ここから街の外へとつながる道を知っているシルヴァさんは先導役に、
戦力となるだろうシルが逃げ出す者たちのしんがりを、
ヴォルグさんはここに残って時間稼ぎとして戦う者たちの指揮をすることになった。
『ヴォルグ、あんたバカなのかい!?
指導者がいなきゃどうすりゃいい?』
『何言ってるんだ?
俺は毛頭死ぬつもりはない。
隘路で迎え撃てばそう人数もいらんだろう。
ここからの撤退がうまくいけばすぐに追いかける、
安心しろ』
体躯が大きく力強そうな彼が一人で迎え撃つと言う。
そんなの無茶だ────
私だけではなく、誰もが、シルヴァさんもが思ったはずだ。
それでも誰も止めなかったのは、彼がある意味招き寄せてしまった事態だからだろう。
私自身も止めたい気持ちはあったが、ヴォルグさんが決めたことを変えさせるわけにもいかなかった。
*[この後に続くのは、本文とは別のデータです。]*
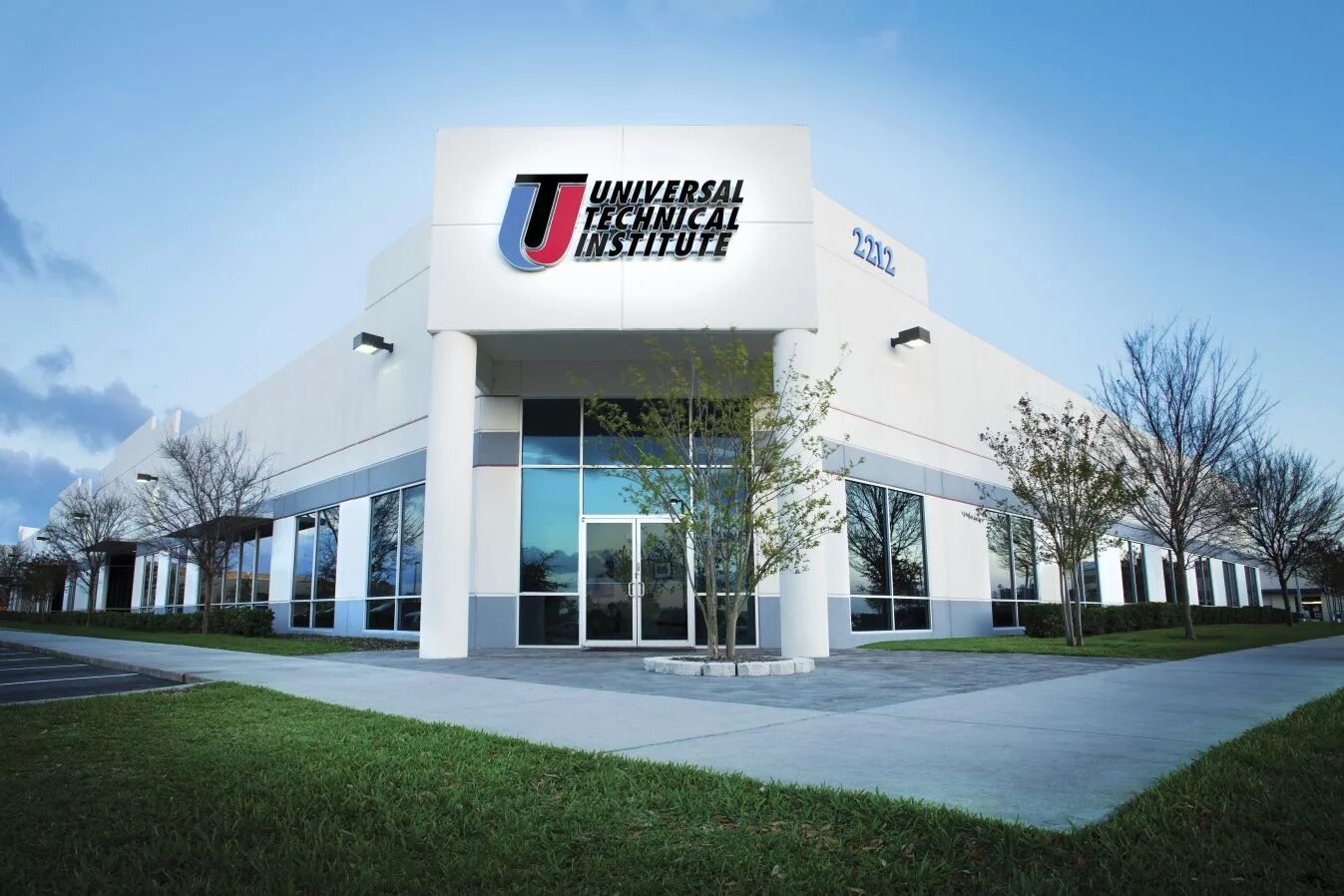 Technical institutes. Universal technical institute. florida institute of technology. florida technical university campus. yeaoju technical institute.
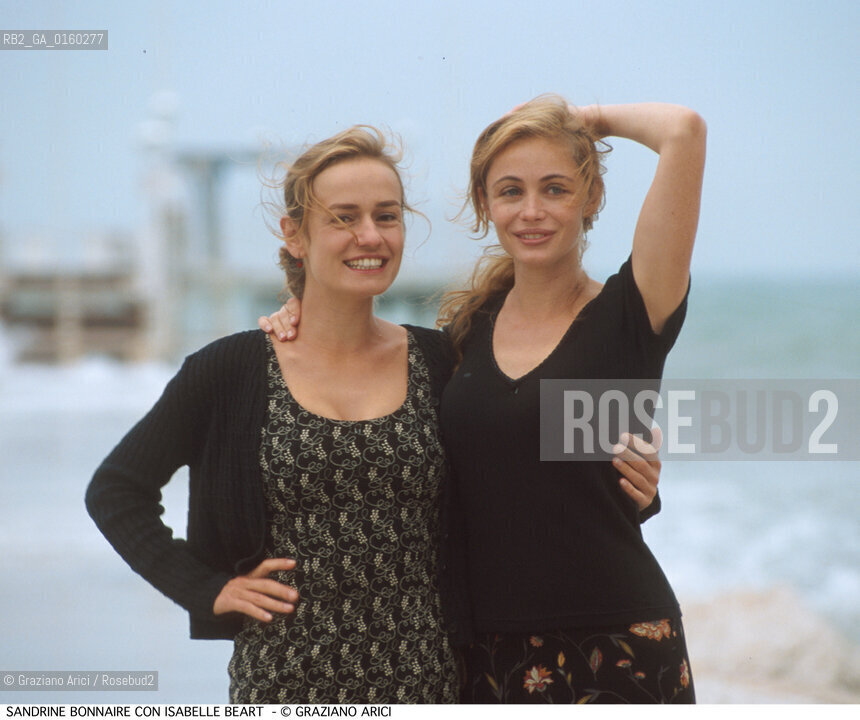 Caption: Nome:.BONNAIRE SANDRINE.Descrizione:.CINEMA ATTRICE / CON EMMANUELLE BEART / MOSTRA DEL CINEMA.CINEMA ACTRESS / WITH EMMANUELLE BEART / {VENICE} FILM FESTIVAL.Credit:.Graziano Arici/Rosebud2/.Costo:.A.Nazione:.FRANCIA.FRANCE.Cittˆ:..Data:.1998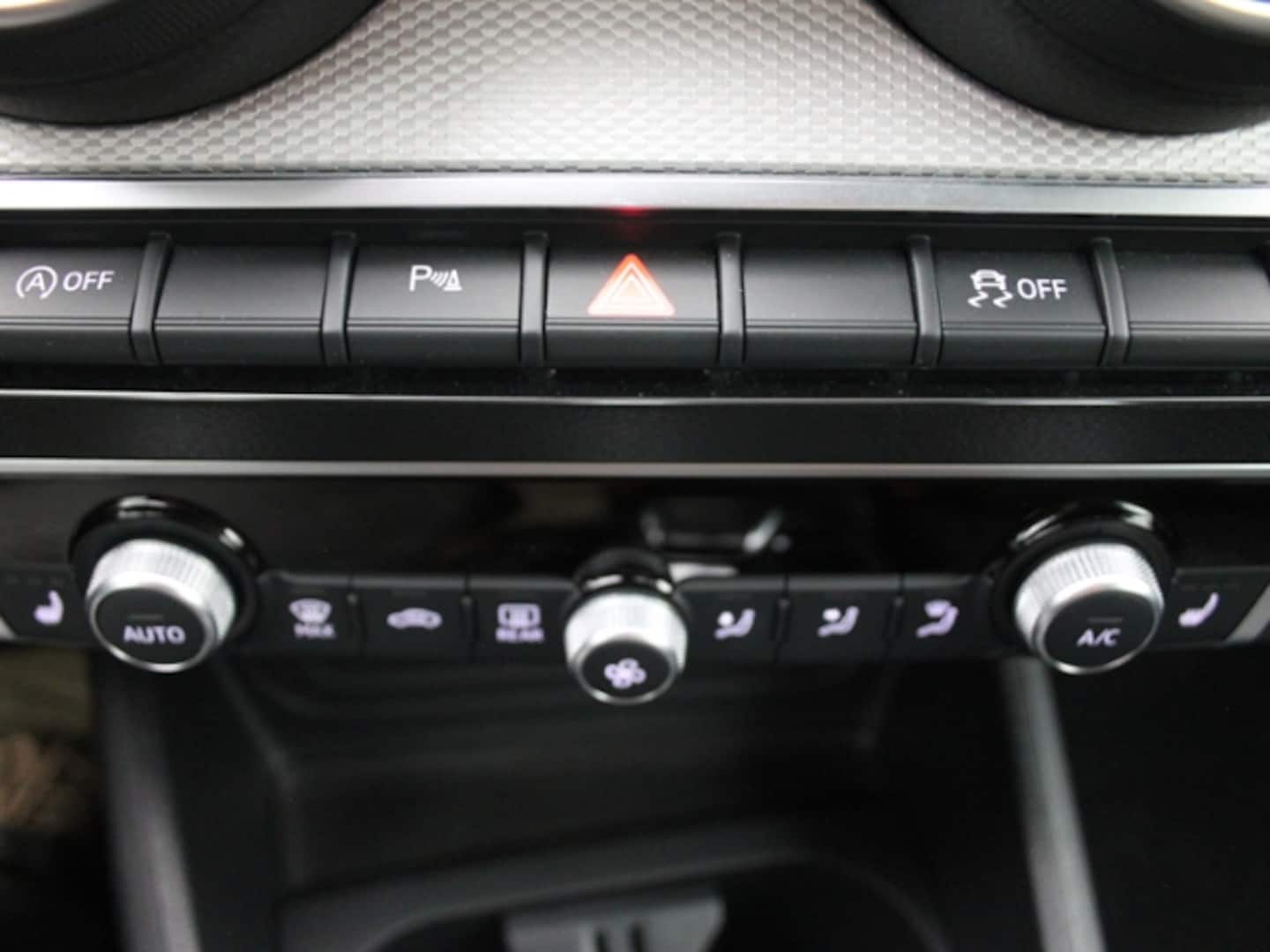 Bild über Audi Q2 advanced 35 TFSI S tronic - für weitere Informationen kontaktieren Sie den Audi Partner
おそらく私たちが散り散りに逃げ、この"隠れ家"が壊滅すれば追手は諦める。
その指導者的存在で、
実質的現領主であるヴォルグさんの叔父の目の上のたんこぶである、
ヴォルグさん自身を確保もしくは殺害できれば尚更だ。
シルヴァさんも私と同じく、彼を止めたい気持ちはあっただろうが、
託された手前、それは叶わなかった。
一人残るヴォルグさん。
その背を振り返り見ることはできなかった。
してはいけないような気がした。
私たちは託されたのだから。
『あとは……頼んだ』
そんな声が聞こえたような気がした。